Sumitomo Corp., China Light and Power and Israel Electric Co. have submitted bids for the 4,000-megawatt project, said a senior government official involved in the bidding process.
The bids will be opened on 24 October and the contract to build and operate the plant awarded next month, said the official, who spoke in a telephone interview on condition of anonymity.
China Light and Power and Israel Electric have teamed up with local partners for the Krishnapatnam project, he said.
The six Indian companies independently bidding for the contract are Tata Power, Reliance Energy, Larsen and Toubro, Essar Power, National Thermal Power Corporation and Sterlite Industries.
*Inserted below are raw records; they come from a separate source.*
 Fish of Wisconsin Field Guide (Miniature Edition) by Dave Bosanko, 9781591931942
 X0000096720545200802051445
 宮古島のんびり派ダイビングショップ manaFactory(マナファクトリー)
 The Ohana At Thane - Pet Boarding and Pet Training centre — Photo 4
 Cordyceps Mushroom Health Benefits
A senior official at the Andhra Pradesh Power Generation Corp., in an interview from the state capital Hyderabad, said the criteria for deciding the winner includes the price at which the developer will sell the electricity.
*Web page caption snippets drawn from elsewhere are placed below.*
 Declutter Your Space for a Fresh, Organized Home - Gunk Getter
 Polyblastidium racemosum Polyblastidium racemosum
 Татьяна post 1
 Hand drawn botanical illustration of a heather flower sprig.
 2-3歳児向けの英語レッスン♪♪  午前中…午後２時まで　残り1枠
The Krishnapatnam project is one of several 4,000-megawatt plants proposed by India, struggling to close an ever-increasing gap between electricity supply and demand as the economy surges ahead at 9% a year.
The government plans to add 100,000mw of electricity generation by 2012 to supply “power to all” in a nation of 1.1 billion people where industries, farmers and households cope with chronic outages.
“India has one of the weakest electricity infrastructures in the world, and at the same time hi-tech industries for whom power cuts are intolerable,” the chief executive of Schneider Electric, Jean-Pascal Tricoire, told AFP during a visit to India in October.
“If a power cut stops a lift from working in one of the many prestigious buildings you see being built now in India, then that building loses its value. A one-hour power cut in a stock exchange costs millions of dollars,” he said.
Companies like Schneider Electric, ABB and Siemens that provide electrical systems including power back-ups are eyeing huge sales in India as the country struggles to keep pace with demand.
The government estimates that $475 billion of investment is needed by 2012 in infrastructure including electric power, road, rail and air transport, telecommunications, water supply and irrigation.